Make WordPress Core

Opened 9 years ago

Closed 9 years ago

Last modified 9 years ago

#33864 closed defect (bug) (fixed)

Cannot add accented tag if non-accented look-alike exists (eg. szel, szél)

Reported by: gezamiklo's profile geza.miklo Owned by: boonebgorges's profile boonebgorges
Milestone: 4.4 Priority: normal
Severity: normal Version: 4.3
Component: Taxonomy Keywords: has-patch dev-feedback
Focuses: Cc:

Description

The key is the query checking the existence of the keyword.
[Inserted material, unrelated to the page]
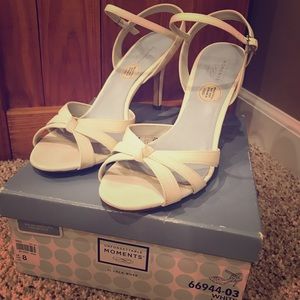 White sandal heals by Lela Rose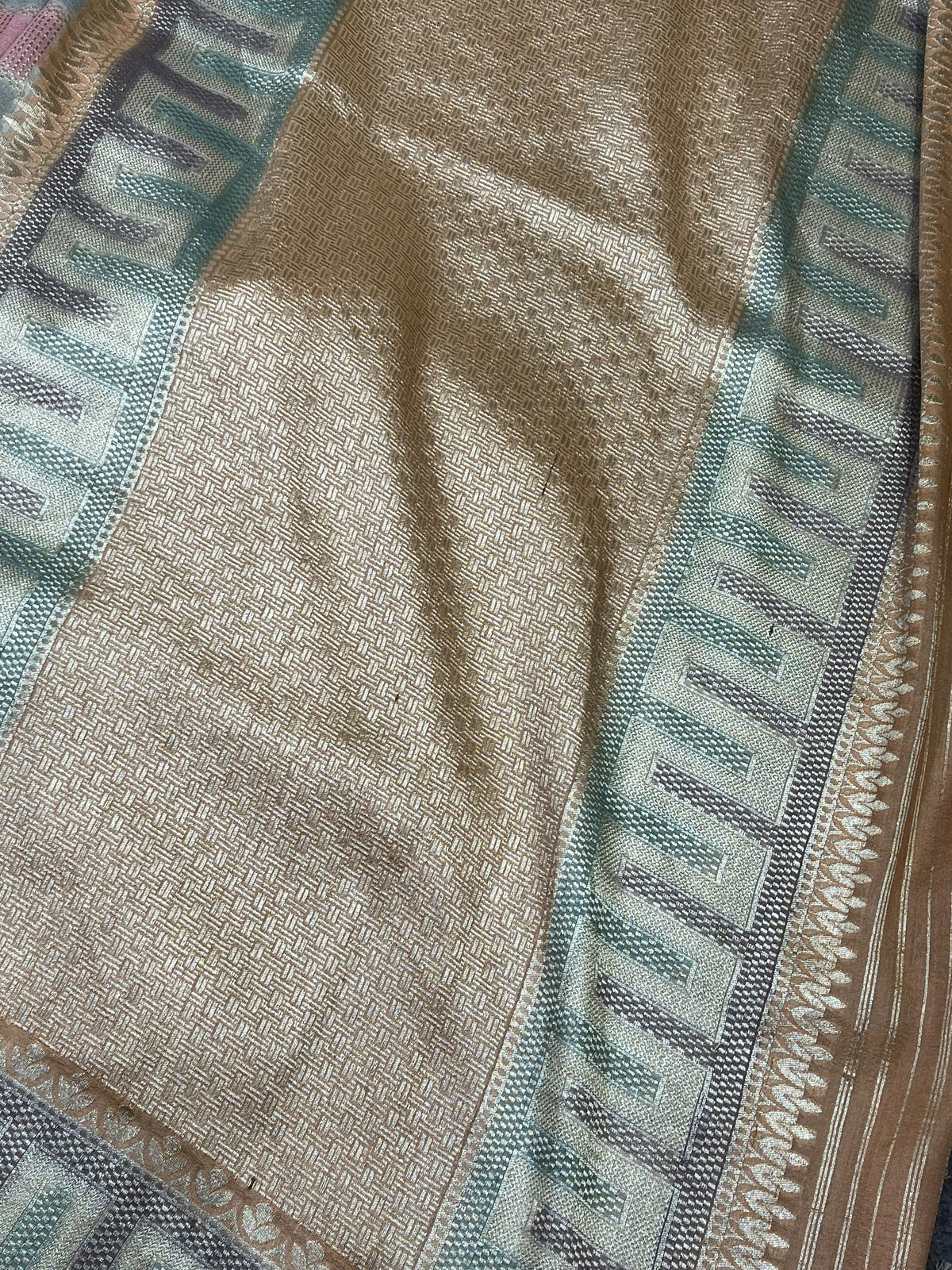 GREY DUSTY ROSE PINK TASSAR GEOREGTTE PURE HANDLOOM BANARASI SAREE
A slight modification will make it work:
See function get_term_by in wp-includes/taxonomy.php

The query in line 1465 is:

$term = $wpdb->get_row( $wpdb->prepare( "SELECT t.*, tt.* FROM $wpdb->terms AS t INNER JOIN $wpdb->term_taxonomy AS tt ON t.term_id = tt.term_id WHERE tt.taxonomy = %s AND $field = %s LIMIT 1", $taxonomy, $value ) );

If you add BINARY to the query, then

$term = $wpdb->get_row( $wpdb->prepare( "SELECT t.*, tt.* FROM $wpdb->terms AS t INNER JOIN $wpdb->term_taxonomy AS tt ON t.term_id = tt.term_id WHERE tt.taxonomy = %s AND BINARY $field = %s LIMIT 1", $taxonomy, $value ) );

Attachments (2)

33731.diff (756 bytes) - added by mehulkaklotar 9 years ago.
33731.patch (1.1 KB) - added by tyxla 9 years ago.
Adding unit tests for the 2 cases: term with accent, followed by term without accent; term without accent, followed by term with accent.

Download all attachments as: .zip

Change History (18)

#1 @swissspidy
9 years ago

  • Milestone Awaiting Review deleted
  • Resolution set to duplicate
  • Status changed from new to closed

Duplicate of #33731.

#2 @geza.miklo
9 years ago

No it isn't a duplicate. Accents are supported is appropriate encoding is used. We are using utf-8. So I can add accented tags. But if I add szél at first I cannot add szel anymore. But in hungarian szél is wind and szel means cut. So they are completely different things.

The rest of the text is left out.